Image-text web data:
+-------+
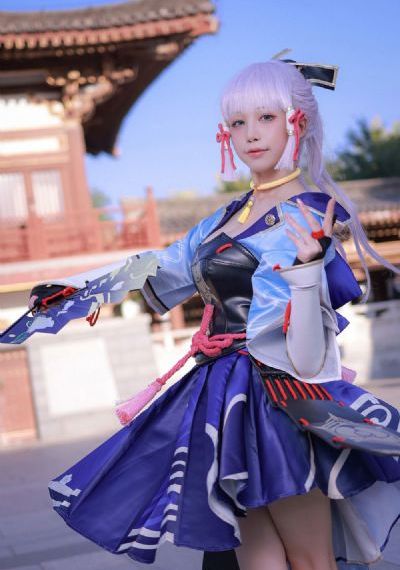 欧美又粗又长又爽做受_BD高清完整版
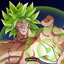 Broli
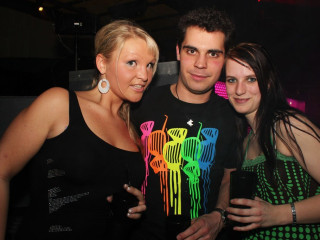 Vorschau des vorherigen Fotos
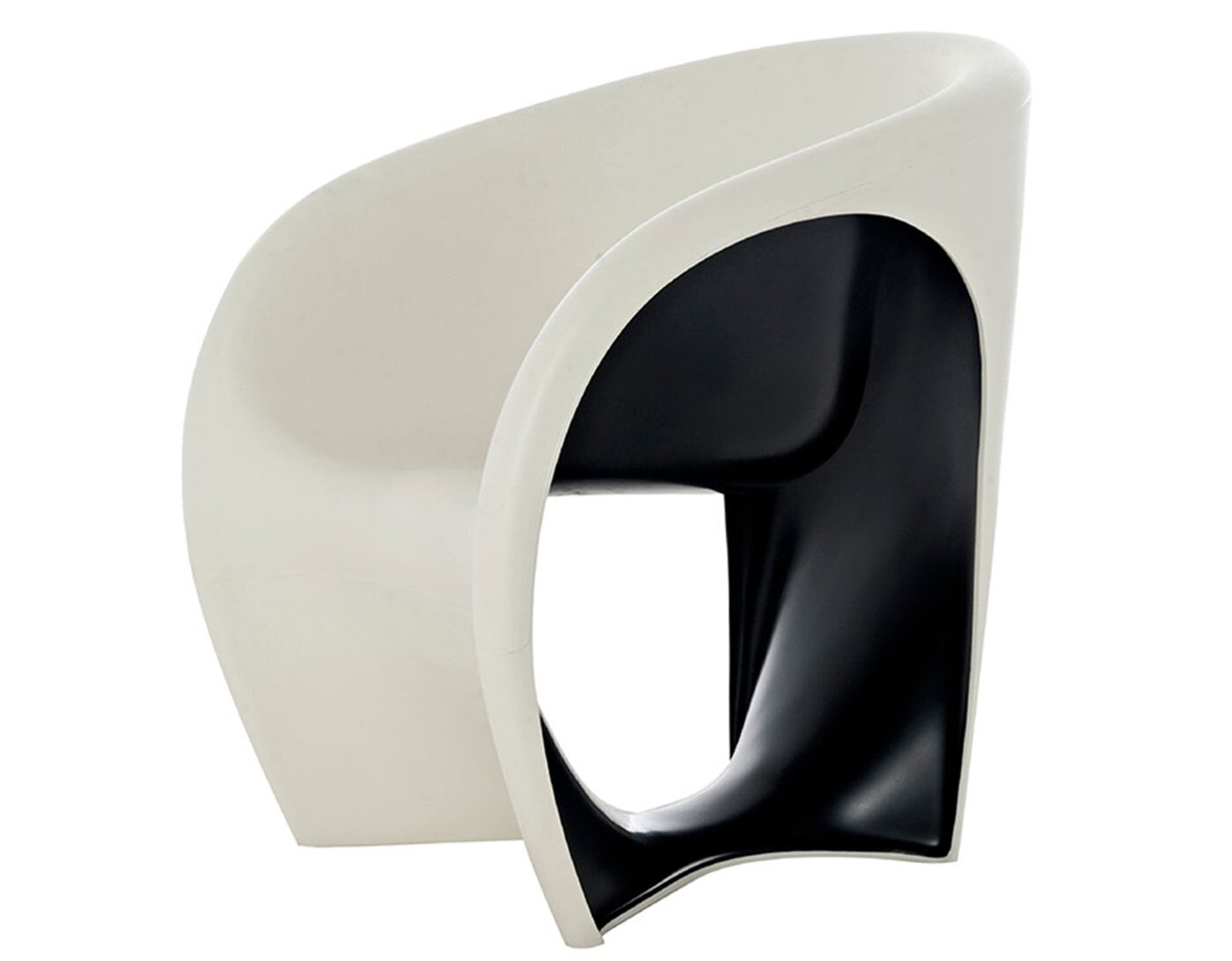 mt1 armchair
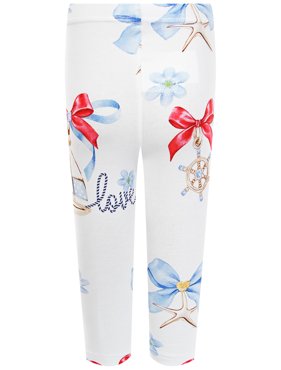 Леггинсы Balloon Chic фото 2 3241₽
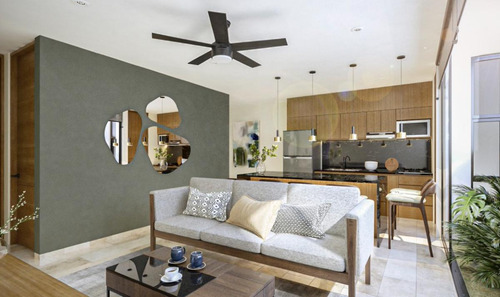 Casa En Venta Merida, Zamorano Ll Fracc. Montebello, Mayo 2025.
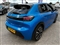 Peugeot 208 Image 7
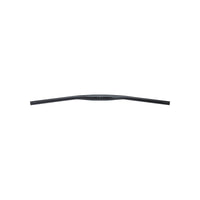 Thumbnail for BBB Cycling SkyBar Handlebar Width 800mm Clamp Size 31.8mm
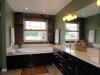 2742 Old Woodbury Hwy, Manchester, TN 37355 Photo 10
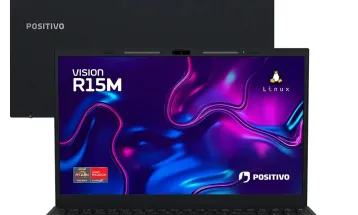 Locação de tablets no Paraná custa R$ 38 milhões e levanta suspeita de superfaturamento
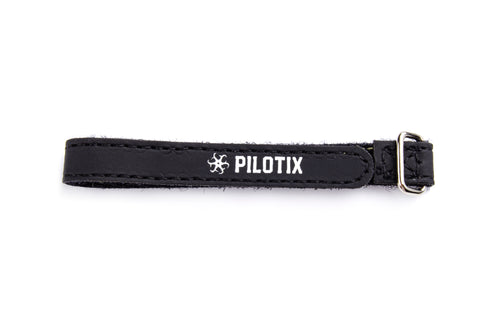 Battery Strap Pilotix 10x160mm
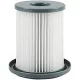 Philips FC8047 állandó hengerszűrő porszívóhoz 432200493320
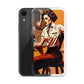 iPhone Case - Midcentury Doldrums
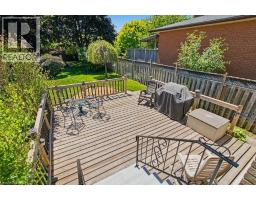 363 ROSELAWN Place - 23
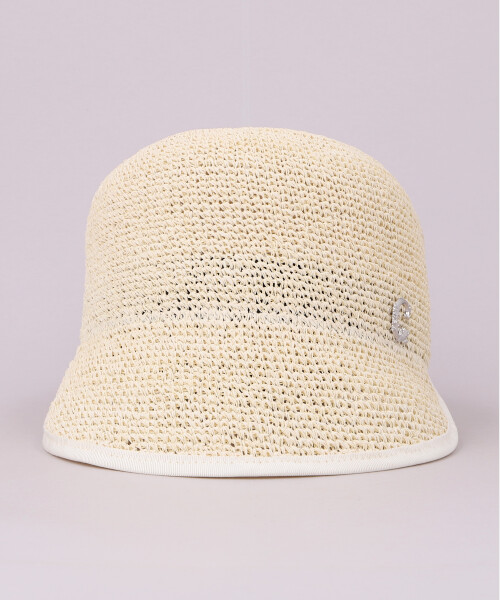 MATEO GRAY ONESIZE
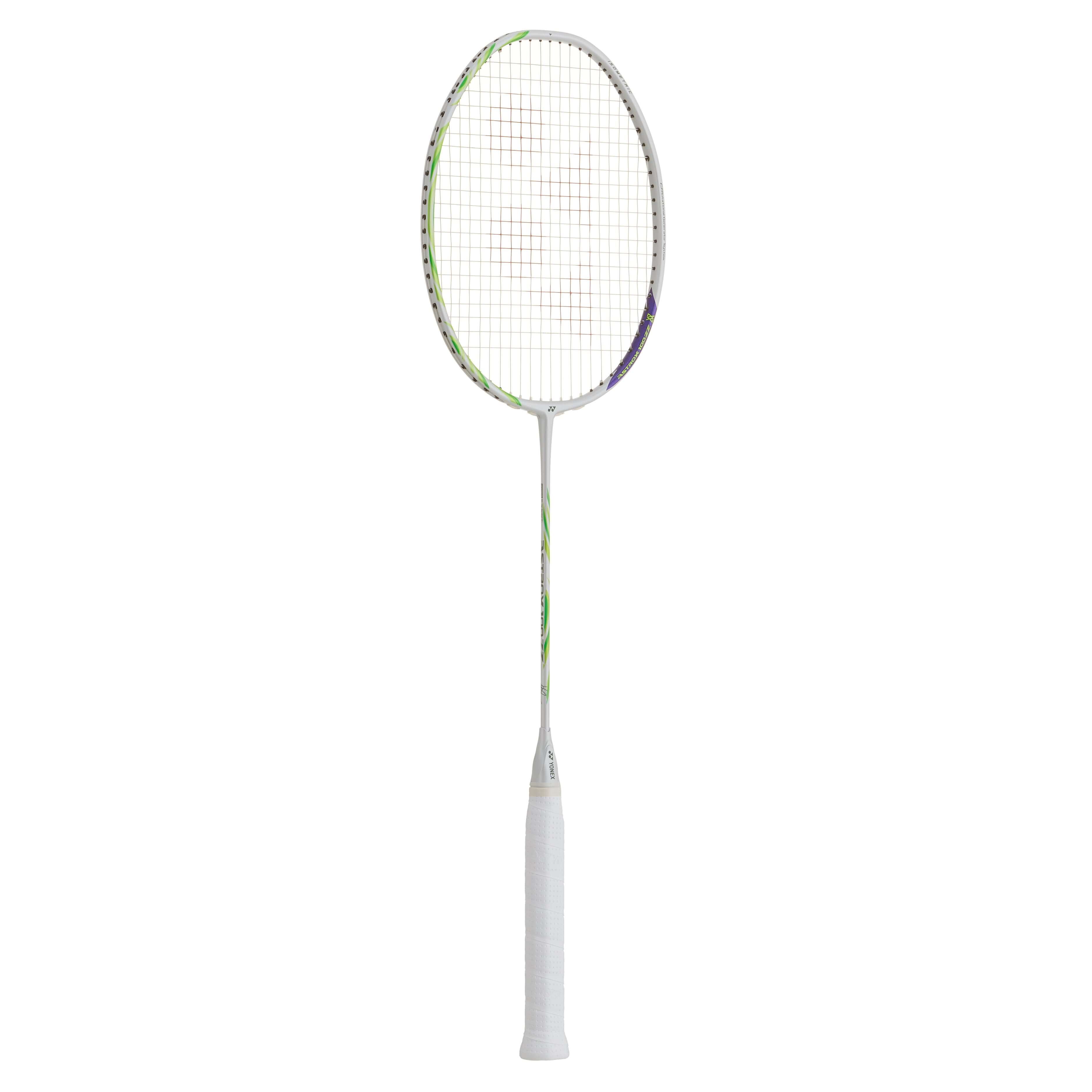 YONEX ASTROX 100ZZ VA（Victor Axelsen） Yonex x Viktor Axelsen Astrox 100VA ZZ Limited Edition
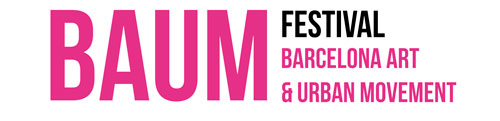 BAUM Festival 2021, en Fira del Barcelona del 1 al 3 de octubre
+-------+
* _Exercise_:
All of the entries above should be copied exactly, with the images left out.

* _Answer to this problem_:
 欧美又粗又长又爽做受_BD高清完整版
 Broli
 Vorschau des vorherigen Fotos
 mt1 armchair
 Леггинсы Balloon Chic фото 2 3241₽
 Casa En Venta Merida, Zamorano Ll Fracc. Montebello, Mayo 2025.
 Peugeot 208 Image 7
 Thumbnail for BBB Cycling SkyBar Handlebar Width 800mm Clamp Size 31.8mm
 2742 Old Woodbury Hwy, Manchester, TN 37355 Photo 10
 Locação de tablets no Paraná custa R$ 38 milhões e levanta suspeita de superfaturamento
 Battery Strap Pilotix 10x160mm
 Philips FC8047 állandó hengerszűrő porszívóhoz 432200493320
 iPhone Case - Midcentury Doldrums
 363 ROSELAWN Place - 23
 MATEO GRAY ONESIZE
 YONEX ASTROX 100ZZ VA（Victor Axelsen） Yonex x Viktor Axelsen Astrox 100VA ZZ Limited Edition
 BAUM Festival 2021, en Fira del Barcelona del 1 al 3 de octubre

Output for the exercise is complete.